What I read in June

Whew, July was crazy. 

So this is a little late. We’re just going to move on. OK? ok. 

So, without further ado, here’s what I read in June:

The Imperial Wife

Completed: 6/3/17
Format: Hardback from the library

For some reason we learn a relatively large amount about French and British royalty, we don’t talk much about the extents of the Russian empire and how its emperors and empresses influenced western culture. Likewise with art! This historical fiction book goes back and forth between a modern-day Russian art expert and the young Catherine the Great of Russia. Learning more about Catherine the Great was extremely interesting, and the book was well written and original. 

Recommended for Phillippa Gregory fans.

Being a Dog

Completed 6/13/17
Format: Hardback from the library

Oh this book! It was so full of interesting facts about dogs and how they use their incredible sense of smell to explore, interpret, and enjoy the world around them.
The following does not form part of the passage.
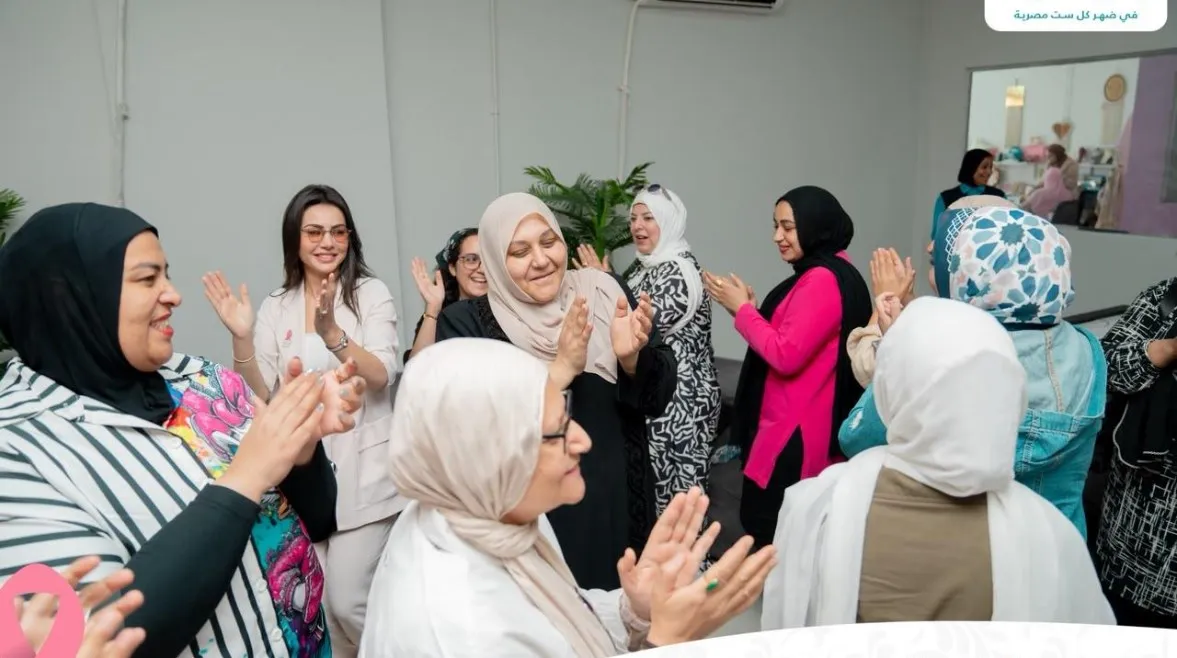 زيارة إنسانية دافئة من دينا فؤاد لمؤسسة بهية لدعم محاربات السرطان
It gave me so much insight into my own two pups! I really really enjoyed it and have added some of Alexandra Horowitz’s other books to my to-read list.
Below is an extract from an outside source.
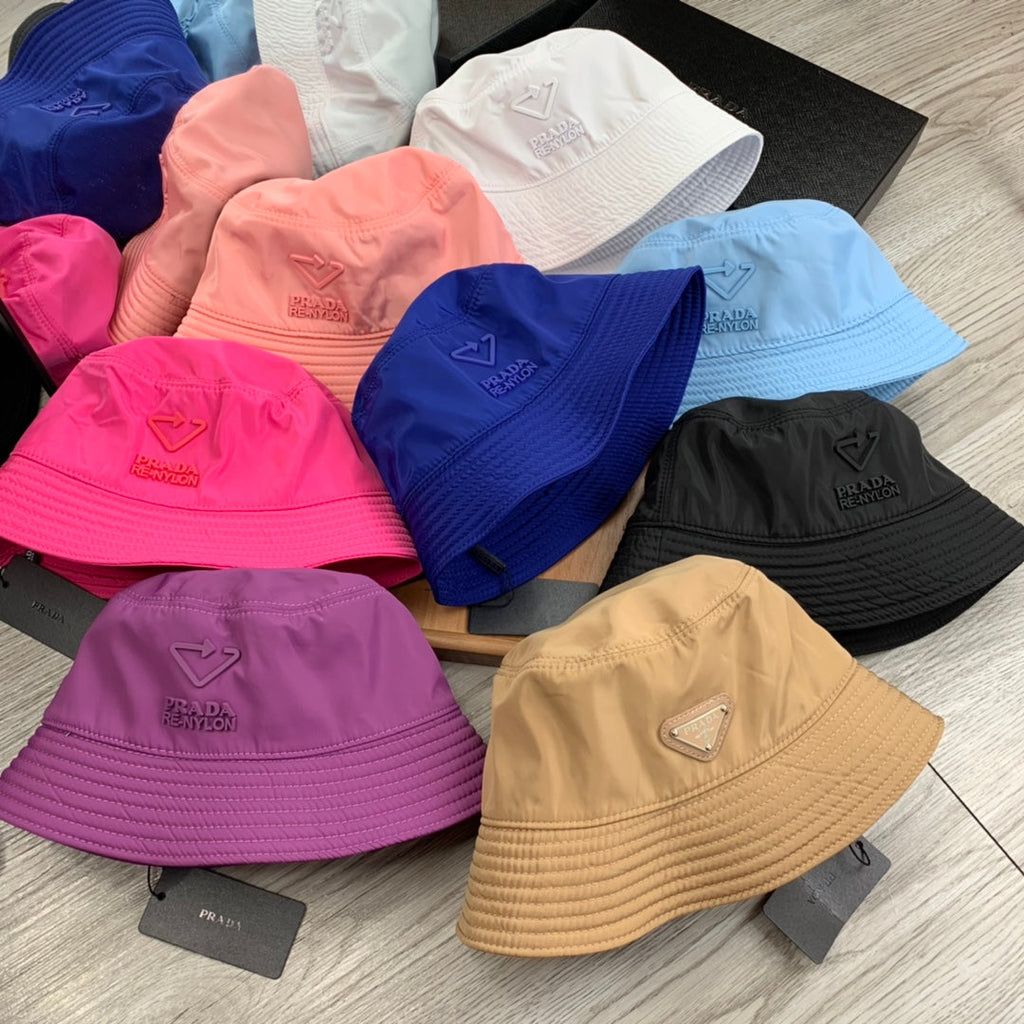PRADA BUCKET HAT IN PURPLE RE-NYLON 234100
Recommended for: Dog lovers and people who enjoy narrative non-fiction.



Completed 6/17/17
Format: Audiobook from Overdrive

Do you love Downton Abbey? Then you’ll love this book! It has all the intrigue, class tension, and historical fascination of the hit PBS series. It was a pleasure to listen to on audiobook, too!
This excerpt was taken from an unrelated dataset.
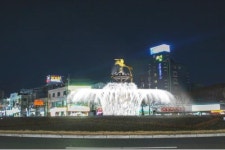 진주 비봉산의 전설 봉황, 봉곡광장 분수 조각 작품으로 되살아나다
Recommended for: lovers of Downton Abbey, duh. 

The Underground Railroad

Completed 6/20/17
Format: Hardback from the library

Phew. This was a tough one. Anyone with a romanticized view of slavery or the pre-Civil War south should really read this. It was the winner of the Pulitzer Prize and the National Book Award for a reason. 

Recommended for: everyone.

Forty Autumns 

Completed 6/29/17
Format: Hardback from the library

This might have been my favorite book in June. Another thing we don’t really talk about anymore in the US is just how shut off East Germany was for forty years. This is the true story a young woman who escaped from the communist regime and made a life in the West, as well as the story of the family she left behind. Two sisters and their daughters separated by an oppressive government. Heartbreaking, but with a happy ending, and so well written!

Recommended for: Cold War history buffs and lovers of narrative non-fiction.